* [EXERCISE GOAL]
Wherever the listing has a line with the string "internet", copy that line out.
____ ENTRIES PROVIDED
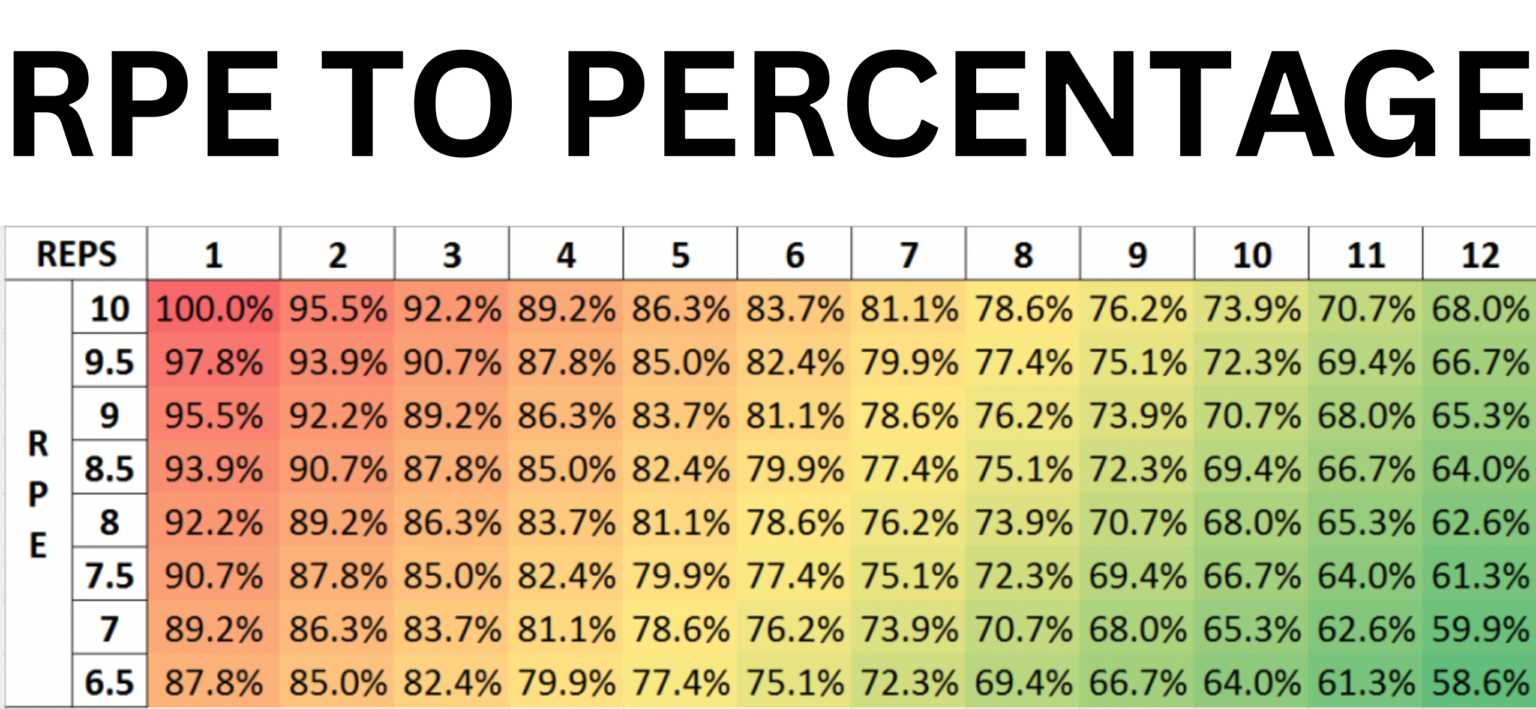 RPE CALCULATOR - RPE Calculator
________
____ ENTRIES PROVIDED
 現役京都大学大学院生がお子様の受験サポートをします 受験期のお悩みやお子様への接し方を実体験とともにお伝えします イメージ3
________
____ ENTRIES PROVIDED
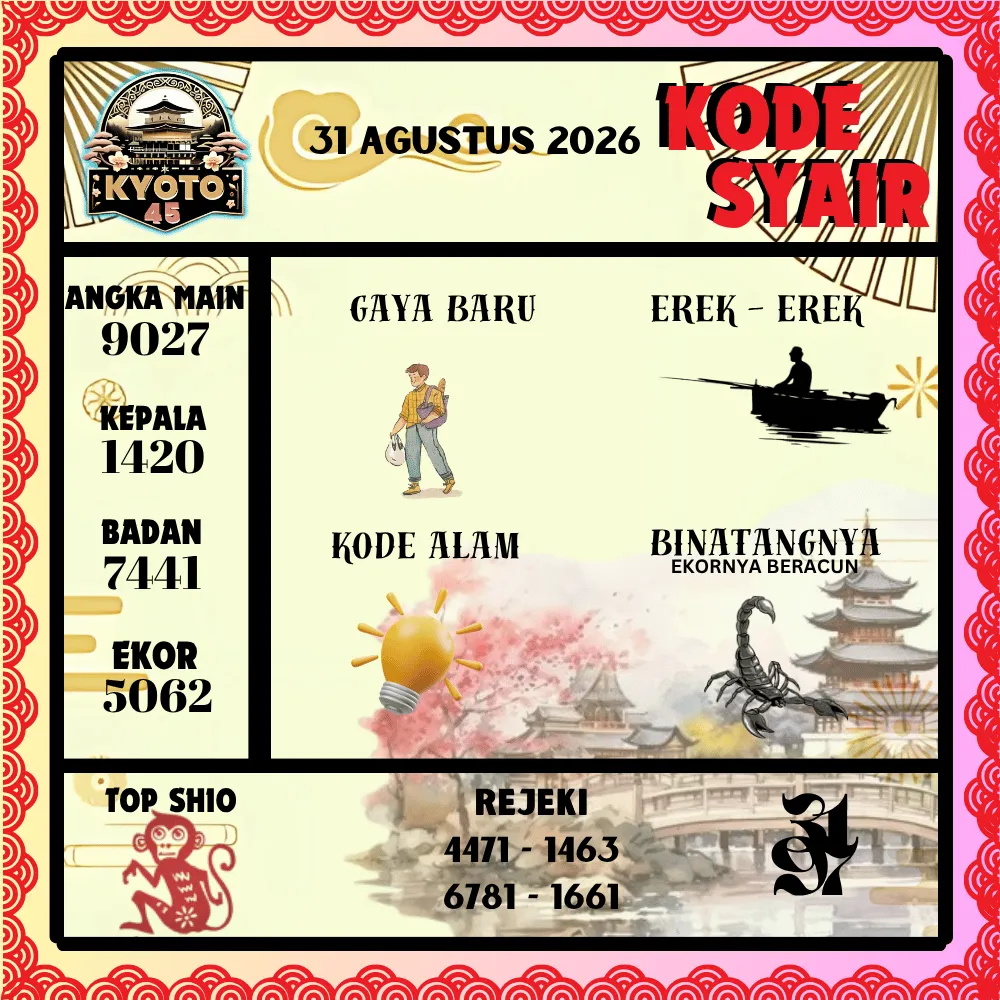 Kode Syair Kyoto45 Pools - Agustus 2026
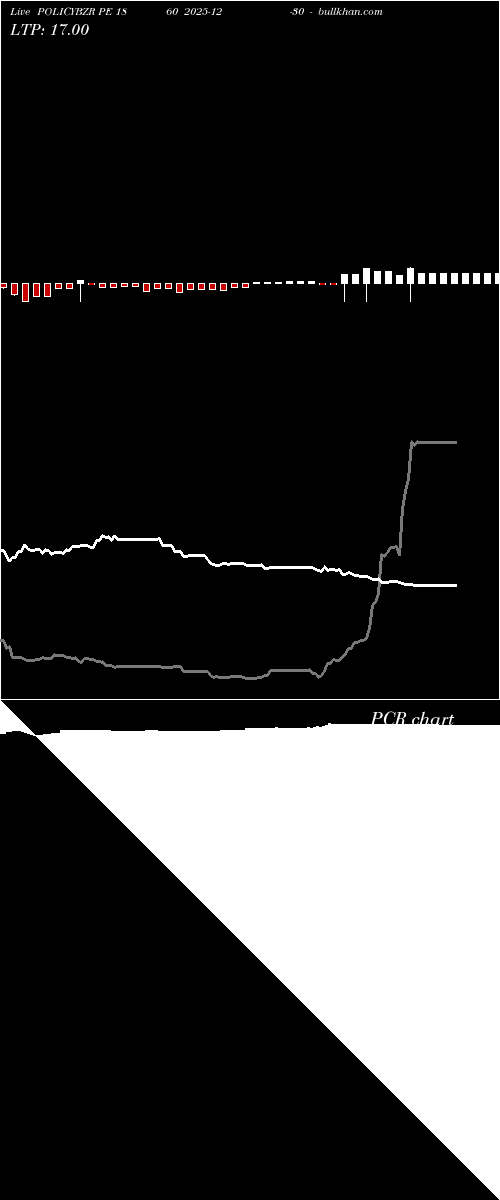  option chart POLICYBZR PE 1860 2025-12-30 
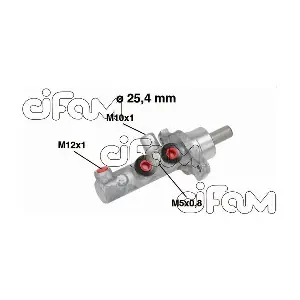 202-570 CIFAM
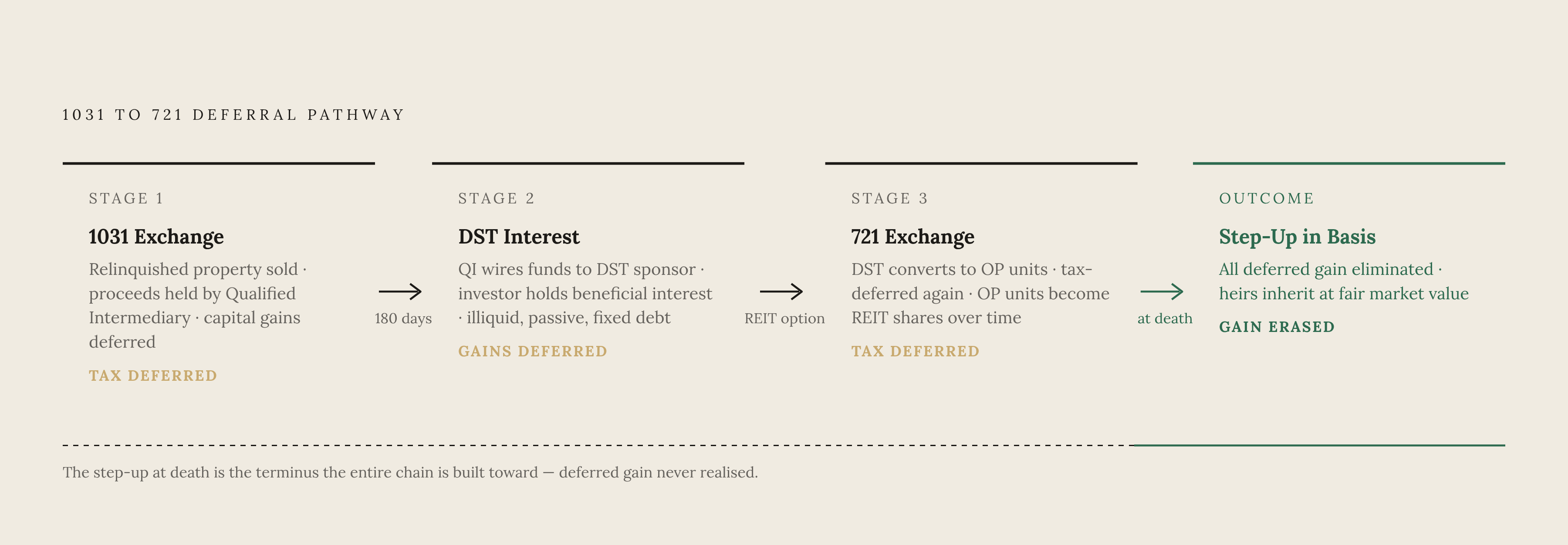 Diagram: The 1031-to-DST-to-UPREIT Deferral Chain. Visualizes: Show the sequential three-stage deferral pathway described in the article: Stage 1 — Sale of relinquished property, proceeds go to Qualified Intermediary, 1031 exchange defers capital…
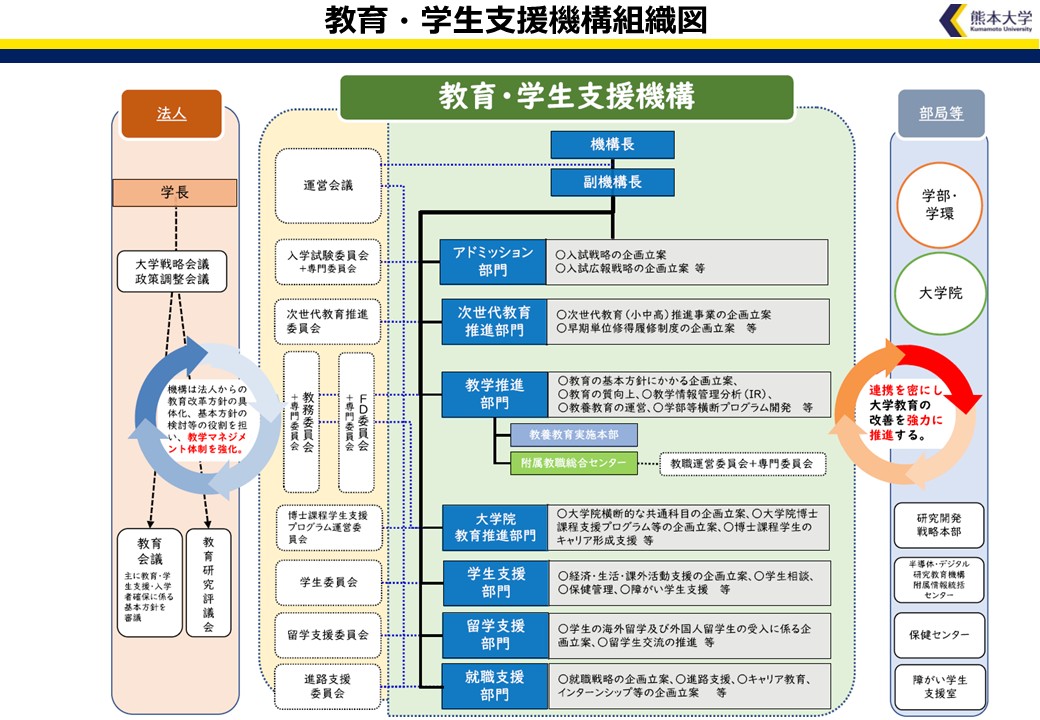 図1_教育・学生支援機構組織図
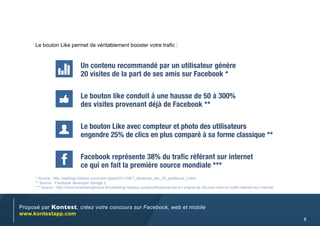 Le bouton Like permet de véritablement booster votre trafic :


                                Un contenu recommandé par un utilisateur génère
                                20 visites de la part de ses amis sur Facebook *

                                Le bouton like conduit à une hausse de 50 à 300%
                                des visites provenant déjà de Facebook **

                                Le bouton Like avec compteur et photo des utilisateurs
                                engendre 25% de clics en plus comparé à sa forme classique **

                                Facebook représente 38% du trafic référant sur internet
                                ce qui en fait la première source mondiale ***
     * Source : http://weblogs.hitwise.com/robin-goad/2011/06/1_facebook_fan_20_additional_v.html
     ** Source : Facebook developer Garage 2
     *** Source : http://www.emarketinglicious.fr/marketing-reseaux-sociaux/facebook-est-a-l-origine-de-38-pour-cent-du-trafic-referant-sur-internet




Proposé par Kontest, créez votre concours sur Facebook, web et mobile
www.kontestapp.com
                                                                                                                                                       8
________
* [ANSWER SPACE]
                                Facebook représente 38% du trafic référant sur internet
     *** Source : http://www.emarketinglicious.fr/marketing-reseaux-sociaux/facebook-est-a-l-origine-de-38-pour-cent-du-trafic-referant-sur-internet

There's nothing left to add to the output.